> AIM OF THE TASK:
From the records below, please print only the lines from the one containing "26500 Grant St, Saint" through the one containing "Poster Handle and", both included. Skip the pictures.

Segment Start: RECORD SET

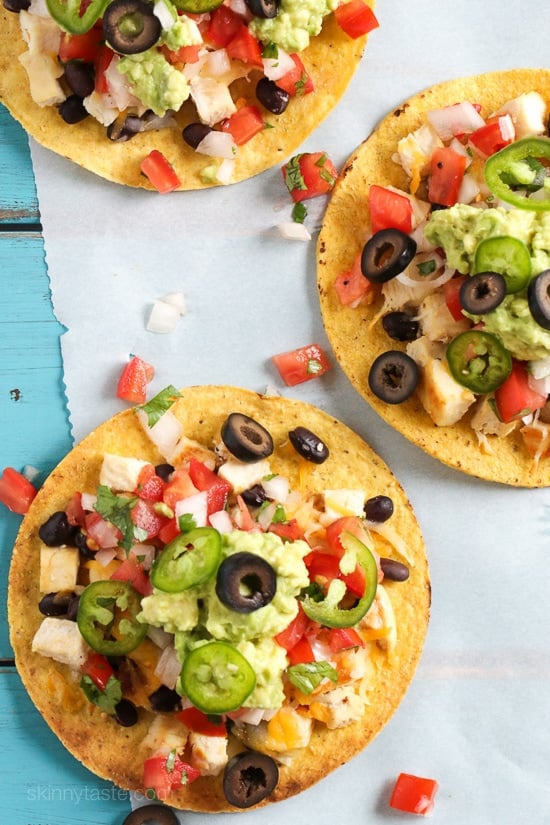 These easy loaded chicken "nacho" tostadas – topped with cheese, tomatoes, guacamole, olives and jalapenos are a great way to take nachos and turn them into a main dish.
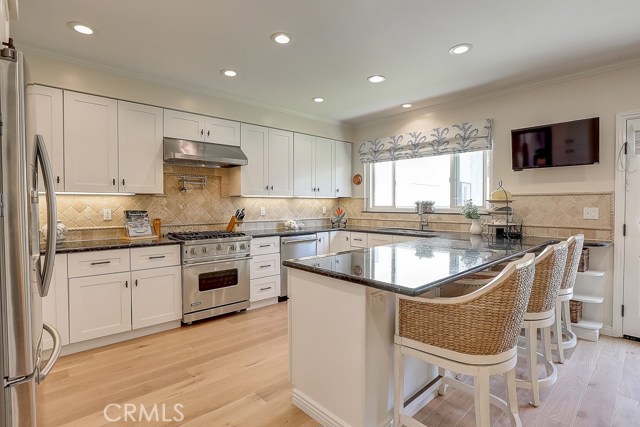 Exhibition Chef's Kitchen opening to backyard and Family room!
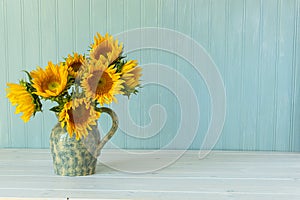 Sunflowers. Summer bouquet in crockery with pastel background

Segment End: RECORD SET
Segment Start: RECORD SET

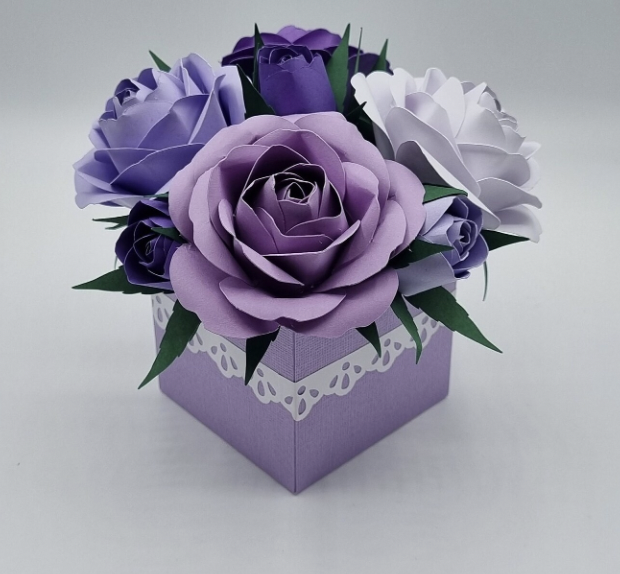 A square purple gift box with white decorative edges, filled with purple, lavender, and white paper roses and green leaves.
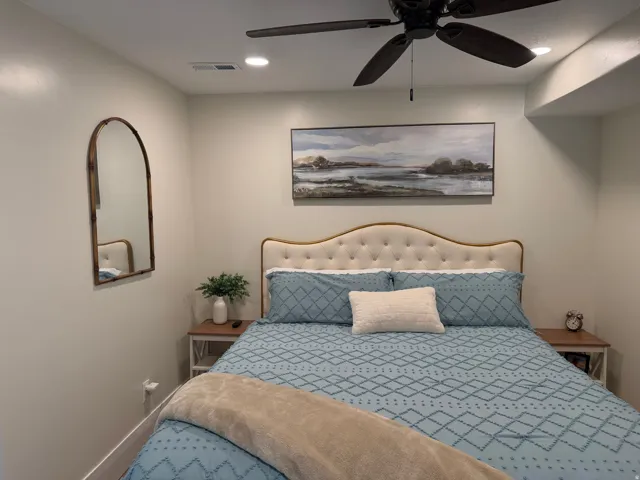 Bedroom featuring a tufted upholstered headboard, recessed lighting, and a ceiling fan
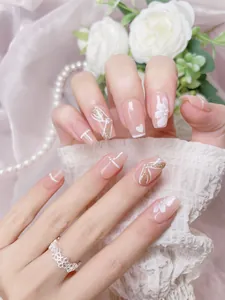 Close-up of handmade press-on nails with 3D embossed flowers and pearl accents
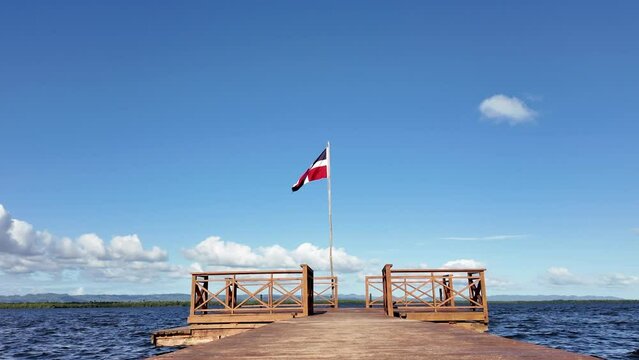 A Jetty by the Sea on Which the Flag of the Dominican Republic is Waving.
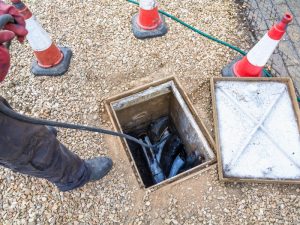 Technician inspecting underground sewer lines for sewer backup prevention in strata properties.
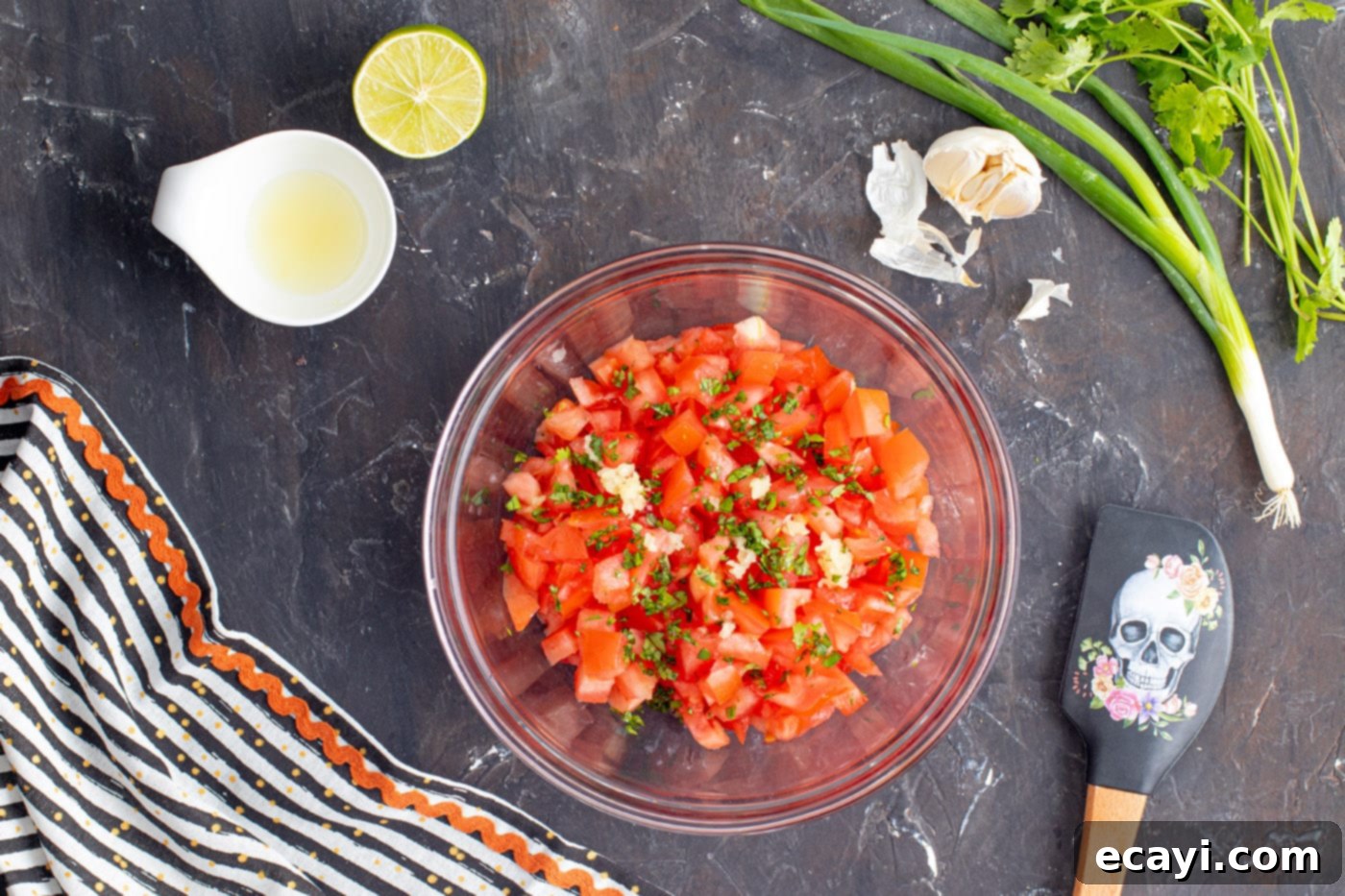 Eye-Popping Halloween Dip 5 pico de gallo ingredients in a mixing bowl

Segment End: RECORD SET
Segment Start: RECORD SET

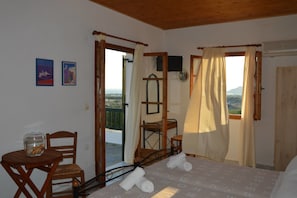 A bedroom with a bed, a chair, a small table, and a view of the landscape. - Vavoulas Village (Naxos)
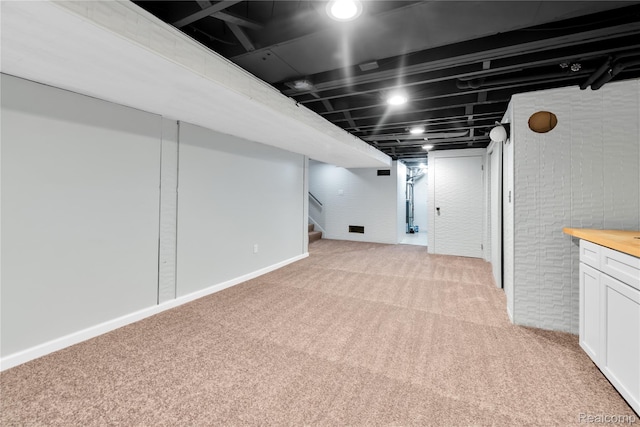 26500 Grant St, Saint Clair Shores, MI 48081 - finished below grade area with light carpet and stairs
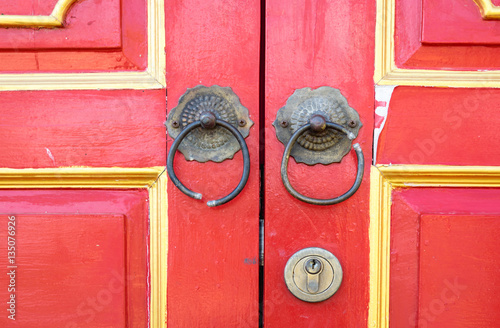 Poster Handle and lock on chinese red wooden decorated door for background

Segment End: RECORD SET

> RESULT:
 26500 Grant St, Saint Clair Shores, MI 48081 - finished below grade area with light carpet and stairs
 Poster Handle and lock on chinese red wooden decorated door for background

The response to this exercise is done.